Pasture and some special considerations on spraying

Pasture is what makes you money in the cattle business. Some people don't spend any money on pasture and can't keep many cattle on their ground. They may even find they have to keep moving to new ground or go out of business. You need to provide as many days of pasture to your stock as possible. It's a lot cheaper than feeding hay.


At present there are three techniques that are feasible for weed control: spraying, clipping pasture that isn't too grown up, and and basal spray. You'd as well plant more brush as to brush hog. The objective is to keep the grass and legumes from being displaced by brushy weeds and forest, and to maintain the grass in the vegetative state as much as possible, rather than in the reproductive (going to seed) stage.

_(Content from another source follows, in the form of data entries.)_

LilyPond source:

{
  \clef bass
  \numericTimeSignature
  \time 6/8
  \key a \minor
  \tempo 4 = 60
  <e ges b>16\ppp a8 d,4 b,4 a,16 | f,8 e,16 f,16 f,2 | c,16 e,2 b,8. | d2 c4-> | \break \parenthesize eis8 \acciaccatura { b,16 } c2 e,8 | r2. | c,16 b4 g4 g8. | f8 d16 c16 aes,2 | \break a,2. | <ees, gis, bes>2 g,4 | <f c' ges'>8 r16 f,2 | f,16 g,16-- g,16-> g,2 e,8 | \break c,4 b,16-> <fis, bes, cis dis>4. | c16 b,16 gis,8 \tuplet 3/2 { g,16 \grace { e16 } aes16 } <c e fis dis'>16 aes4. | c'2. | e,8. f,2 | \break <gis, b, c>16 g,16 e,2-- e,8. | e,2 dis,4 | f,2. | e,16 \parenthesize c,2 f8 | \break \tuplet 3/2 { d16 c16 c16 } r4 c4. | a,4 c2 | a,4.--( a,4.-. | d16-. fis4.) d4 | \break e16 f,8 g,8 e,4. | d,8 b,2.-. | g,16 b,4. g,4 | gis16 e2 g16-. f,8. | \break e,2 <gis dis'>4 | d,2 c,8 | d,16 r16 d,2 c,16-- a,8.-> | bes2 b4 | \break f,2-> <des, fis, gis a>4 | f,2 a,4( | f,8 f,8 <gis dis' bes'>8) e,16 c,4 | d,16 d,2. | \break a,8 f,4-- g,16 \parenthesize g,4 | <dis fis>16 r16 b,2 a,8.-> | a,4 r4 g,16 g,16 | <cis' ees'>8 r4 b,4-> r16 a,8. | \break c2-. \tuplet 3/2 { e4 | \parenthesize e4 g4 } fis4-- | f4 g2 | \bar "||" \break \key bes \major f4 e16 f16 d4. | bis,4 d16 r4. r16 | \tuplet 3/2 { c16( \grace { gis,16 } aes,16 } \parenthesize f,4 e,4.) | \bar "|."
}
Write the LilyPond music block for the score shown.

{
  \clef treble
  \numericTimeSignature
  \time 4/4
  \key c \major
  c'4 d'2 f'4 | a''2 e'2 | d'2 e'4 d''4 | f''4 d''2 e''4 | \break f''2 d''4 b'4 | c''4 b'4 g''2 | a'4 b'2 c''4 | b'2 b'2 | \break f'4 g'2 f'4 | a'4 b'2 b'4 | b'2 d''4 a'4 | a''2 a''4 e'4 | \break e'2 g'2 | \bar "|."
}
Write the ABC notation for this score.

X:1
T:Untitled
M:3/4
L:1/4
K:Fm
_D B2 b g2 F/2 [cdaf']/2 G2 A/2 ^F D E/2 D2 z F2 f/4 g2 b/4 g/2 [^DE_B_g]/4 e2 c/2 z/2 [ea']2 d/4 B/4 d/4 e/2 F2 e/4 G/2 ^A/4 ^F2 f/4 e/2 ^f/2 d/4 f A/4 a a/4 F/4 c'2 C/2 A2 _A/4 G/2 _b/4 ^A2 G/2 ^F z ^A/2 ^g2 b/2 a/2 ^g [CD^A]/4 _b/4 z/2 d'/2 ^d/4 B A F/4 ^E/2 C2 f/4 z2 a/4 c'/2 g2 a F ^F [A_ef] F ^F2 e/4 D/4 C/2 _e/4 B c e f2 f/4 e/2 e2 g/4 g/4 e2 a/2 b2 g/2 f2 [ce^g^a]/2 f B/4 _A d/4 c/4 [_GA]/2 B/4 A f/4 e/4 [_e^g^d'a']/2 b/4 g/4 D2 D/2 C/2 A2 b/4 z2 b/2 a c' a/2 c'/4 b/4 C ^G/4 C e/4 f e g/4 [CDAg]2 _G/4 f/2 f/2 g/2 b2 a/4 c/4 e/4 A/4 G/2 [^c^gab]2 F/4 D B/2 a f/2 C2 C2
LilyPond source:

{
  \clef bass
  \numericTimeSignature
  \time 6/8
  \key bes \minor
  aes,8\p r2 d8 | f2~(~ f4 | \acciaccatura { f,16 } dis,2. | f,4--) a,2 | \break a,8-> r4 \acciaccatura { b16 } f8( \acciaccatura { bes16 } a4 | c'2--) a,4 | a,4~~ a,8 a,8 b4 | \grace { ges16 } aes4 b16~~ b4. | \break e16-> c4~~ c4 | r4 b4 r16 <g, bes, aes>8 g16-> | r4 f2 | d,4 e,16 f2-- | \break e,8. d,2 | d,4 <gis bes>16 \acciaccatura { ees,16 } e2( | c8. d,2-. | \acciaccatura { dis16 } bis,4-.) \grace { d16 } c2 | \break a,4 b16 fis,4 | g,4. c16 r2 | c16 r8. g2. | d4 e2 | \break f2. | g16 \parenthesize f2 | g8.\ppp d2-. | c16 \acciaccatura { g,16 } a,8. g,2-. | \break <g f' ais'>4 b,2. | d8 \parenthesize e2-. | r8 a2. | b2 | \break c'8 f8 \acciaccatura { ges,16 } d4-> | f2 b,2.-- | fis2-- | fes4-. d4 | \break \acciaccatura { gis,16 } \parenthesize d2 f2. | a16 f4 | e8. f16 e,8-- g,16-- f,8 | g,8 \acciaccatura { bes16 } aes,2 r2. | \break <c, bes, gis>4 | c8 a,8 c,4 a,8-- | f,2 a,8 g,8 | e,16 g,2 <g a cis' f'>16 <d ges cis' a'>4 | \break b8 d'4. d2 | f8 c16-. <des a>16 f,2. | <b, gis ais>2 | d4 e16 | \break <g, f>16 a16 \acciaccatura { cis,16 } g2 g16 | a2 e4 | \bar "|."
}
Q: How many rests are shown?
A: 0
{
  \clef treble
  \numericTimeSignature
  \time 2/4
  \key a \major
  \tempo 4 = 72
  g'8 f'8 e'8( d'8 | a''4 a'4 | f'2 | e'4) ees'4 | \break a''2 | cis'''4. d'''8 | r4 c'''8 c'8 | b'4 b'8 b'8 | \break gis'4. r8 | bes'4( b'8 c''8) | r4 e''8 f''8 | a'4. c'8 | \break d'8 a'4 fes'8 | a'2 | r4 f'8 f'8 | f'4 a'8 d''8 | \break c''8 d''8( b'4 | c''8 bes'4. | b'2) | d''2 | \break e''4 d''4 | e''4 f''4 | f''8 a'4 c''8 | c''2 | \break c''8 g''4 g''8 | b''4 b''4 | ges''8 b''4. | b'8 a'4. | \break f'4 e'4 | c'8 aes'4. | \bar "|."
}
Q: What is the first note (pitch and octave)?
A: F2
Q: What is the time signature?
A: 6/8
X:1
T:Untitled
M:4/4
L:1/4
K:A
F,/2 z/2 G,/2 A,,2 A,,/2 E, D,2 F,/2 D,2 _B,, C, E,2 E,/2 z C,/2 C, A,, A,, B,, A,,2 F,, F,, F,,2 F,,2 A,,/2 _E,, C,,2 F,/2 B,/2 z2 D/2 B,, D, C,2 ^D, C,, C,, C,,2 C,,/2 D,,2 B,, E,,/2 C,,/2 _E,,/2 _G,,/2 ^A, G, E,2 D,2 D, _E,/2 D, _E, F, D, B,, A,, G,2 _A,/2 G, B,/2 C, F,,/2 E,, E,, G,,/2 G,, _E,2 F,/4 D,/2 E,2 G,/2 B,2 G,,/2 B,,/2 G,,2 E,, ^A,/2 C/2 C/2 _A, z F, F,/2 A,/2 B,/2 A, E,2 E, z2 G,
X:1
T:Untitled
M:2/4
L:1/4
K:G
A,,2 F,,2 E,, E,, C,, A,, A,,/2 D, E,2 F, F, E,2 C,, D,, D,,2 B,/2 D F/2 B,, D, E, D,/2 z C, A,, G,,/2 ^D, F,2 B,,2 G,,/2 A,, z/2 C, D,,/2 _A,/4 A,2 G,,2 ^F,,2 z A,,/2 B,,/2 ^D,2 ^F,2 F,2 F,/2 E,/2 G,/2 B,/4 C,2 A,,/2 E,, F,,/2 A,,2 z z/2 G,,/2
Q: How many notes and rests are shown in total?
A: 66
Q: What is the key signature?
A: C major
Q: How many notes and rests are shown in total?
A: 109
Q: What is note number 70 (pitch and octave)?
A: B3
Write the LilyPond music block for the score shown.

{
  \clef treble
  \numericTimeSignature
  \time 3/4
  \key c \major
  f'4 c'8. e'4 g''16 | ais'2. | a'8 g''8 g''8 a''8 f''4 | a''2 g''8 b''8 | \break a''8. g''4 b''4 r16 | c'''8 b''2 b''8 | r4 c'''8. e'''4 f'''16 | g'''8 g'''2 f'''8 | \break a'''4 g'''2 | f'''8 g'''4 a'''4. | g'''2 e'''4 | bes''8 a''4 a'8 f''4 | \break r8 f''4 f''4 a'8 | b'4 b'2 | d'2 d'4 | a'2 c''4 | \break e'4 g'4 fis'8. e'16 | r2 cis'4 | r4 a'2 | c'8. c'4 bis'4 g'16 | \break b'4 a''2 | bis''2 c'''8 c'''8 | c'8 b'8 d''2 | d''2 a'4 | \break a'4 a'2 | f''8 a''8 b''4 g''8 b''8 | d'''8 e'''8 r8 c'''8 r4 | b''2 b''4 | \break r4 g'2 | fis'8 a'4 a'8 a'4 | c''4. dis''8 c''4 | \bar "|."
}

Seeds and seed stems are low in digestible nutrients and have poor palatability. Proper rotation is the most important way to keep grass vegetative.

Spray
You have to use herbicide to really kill brushy weeds. Spray works best if the brush is shoulder high or less, and use it when the brush is growing , not a dry time. I once used Crossbow, and they say you can use it at any time the snow is not on, but I have always used it as a foliar (leaf) spray. For two years now I have used Remedy Ultra and Forefront, which contain much the same ingredients plus a small amount of a similar herbicide. Remedy contains nearly twice as much triclopyr as Crossbow, and Forefront has a large amount of 2,4-D and a smaller amount of a similar compound. The combination was ecomended by my local Southern States dealer. I found using 80% of the recommended minimum of Remedy and 25% of the minimum of Forefront is very effective for susceptible weeds all season, no increase needed as the season advances. I have yet to find anything that will control raspberries, redbud and a very few other species, but these are a minor problem due to slow growth and limited propagation. They can be controlled manually. I use spot application, so application rates are far below the amount allowed per acre.

The instructions say to wet leaves and stems. Folks, you can't do more, because the excess runs off. Be through, but avoid a tendency to over do it!

It is hard not to get yourself wet with spray, and it is often hard to tell whether you are wet with spray or sweat, because putting it on is work. I haven't had an adverse effect from Crossbow, and I have been used it and it's predecessor for forty years, except twice I have had an effect from inhaling it. The effect was to make me feel a little weak for two or three weeks. Occasionally it would cause a runny nose or phlegm. I have never felt ill effect from the combination I use now.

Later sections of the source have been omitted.